Records from a collection:
>>>>
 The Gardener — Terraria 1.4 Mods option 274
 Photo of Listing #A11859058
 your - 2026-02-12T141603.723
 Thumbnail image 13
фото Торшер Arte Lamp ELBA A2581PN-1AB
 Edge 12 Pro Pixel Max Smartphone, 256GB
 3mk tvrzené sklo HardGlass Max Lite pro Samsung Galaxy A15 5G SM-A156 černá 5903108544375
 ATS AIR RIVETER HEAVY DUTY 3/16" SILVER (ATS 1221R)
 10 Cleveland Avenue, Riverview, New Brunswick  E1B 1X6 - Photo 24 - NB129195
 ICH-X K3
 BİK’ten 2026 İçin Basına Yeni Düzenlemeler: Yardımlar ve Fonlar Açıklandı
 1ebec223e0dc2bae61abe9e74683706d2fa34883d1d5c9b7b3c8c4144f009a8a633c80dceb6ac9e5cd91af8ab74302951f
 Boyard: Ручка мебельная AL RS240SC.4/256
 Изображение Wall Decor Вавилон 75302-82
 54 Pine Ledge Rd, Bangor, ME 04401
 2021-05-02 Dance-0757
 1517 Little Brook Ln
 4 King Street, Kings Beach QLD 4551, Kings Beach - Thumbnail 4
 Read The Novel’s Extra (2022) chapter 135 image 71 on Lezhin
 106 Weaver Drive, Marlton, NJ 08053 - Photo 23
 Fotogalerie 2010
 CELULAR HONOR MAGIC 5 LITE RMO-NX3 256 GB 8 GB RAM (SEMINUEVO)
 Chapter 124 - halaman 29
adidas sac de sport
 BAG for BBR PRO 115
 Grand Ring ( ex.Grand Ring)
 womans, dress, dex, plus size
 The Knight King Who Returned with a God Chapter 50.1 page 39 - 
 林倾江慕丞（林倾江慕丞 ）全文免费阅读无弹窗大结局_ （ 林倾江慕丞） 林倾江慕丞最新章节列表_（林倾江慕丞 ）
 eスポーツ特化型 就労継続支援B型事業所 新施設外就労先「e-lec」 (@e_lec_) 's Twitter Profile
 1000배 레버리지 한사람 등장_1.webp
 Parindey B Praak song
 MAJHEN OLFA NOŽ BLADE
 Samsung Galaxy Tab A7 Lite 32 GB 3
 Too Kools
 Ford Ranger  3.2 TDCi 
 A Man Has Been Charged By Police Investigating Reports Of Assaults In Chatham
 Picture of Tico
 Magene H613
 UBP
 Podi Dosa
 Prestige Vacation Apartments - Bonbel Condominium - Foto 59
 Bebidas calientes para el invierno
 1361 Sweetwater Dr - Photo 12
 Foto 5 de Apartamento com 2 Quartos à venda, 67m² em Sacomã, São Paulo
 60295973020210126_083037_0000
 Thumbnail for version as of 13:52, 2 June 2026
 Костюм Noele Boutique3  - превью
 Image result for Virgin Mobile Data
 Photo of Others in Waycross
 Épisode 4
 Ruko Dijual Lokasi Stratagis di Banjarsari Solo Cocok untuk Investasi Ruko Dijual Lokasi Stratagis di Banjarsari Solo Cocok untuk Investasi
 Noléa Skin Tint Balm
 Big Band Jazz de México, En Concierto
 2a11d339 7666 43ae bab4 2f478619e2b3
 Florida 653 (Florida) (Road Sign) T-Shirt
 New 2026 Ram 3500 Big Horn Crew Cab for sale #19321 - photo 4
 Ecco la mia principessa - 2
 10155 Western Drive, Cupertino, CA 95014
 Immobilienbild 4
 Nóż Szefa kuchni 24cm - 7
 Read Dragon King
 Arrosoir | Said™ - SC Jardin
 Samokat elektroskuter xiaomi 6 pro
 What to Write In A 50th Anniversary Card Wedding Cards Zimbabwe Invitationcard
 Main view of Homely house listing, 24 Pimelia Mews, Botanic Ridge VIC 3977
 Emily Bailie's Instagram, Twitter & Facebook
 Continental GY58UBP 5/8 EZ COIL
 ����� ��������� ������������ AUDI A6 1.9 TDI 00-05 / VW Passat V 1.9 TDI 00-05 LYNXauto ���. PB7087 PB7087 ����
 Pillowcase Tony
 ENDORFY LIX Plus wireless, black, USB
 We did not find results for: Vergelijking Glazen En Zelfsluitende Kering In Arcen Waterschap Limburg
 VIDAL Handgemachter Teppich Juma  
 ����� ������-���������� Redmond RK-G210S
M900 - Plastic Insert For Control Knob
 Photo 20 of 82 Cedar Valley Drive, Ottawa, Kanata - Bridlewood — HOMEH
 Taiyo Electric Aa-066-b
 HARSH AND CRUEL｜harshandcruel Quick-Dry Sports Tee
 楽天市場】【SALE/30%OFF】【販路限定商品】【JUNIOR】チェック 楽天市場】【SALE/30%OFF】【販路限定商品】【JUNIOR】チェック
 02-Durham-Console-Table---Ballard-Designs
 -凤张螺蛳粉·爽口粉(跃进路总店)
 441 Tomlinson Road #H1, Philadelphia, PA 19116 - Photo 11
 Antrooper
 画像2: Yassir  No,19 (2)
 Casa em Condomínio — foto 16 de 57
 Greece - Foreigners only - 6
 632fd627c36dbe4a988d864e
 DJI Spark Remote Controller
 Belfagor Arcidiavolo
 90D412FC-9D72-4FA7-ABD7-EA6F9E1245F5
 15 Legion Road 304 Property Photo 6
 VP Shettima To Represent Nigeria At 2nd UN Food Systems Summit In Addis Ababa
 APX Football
<<<<
Only the lines from the one with "Taiyo Electric Aa-066-b" through the final line above belong in the answer, each retyped exactly.

 Taiyo Electric Aa-066-b
 HARSH AND CRUEL｜harshandcruel Quick-Dry Sports Tee
 楽天市場】【SALE/30%OFF】【販路限定商品】【JUNIOR】チェック 楽天市場】【SALE/30%OFF】【販路限定商品】【JUNIOR】チェック
 02-Durham-Console-Table---Ballard-Designs
 -凤张螺蛳粉·爽口粉(跃进路总店)
 441 Tomlinson Road #H1, Philadelphia, PA 19116 - Photo 11
 Antrooper
 画像2: Yassir  No,19 (2)
 Casa em Condomínio — foto 16 de 57
 Greece - Foreigners only - 6
 632fd627c36dbe4a988d864e
 DJI Spark Remote Controller
 Belfagor Arcidiavolo
 90D412FC-9D72-4FA7-ABD7-EA6F9E1245F5
 15 Legion Road 304 Property Photo 6
 VP Shettima To Represent Nigeria At 2nd UN Food Systems Summit In Addis Ababa
 APX Football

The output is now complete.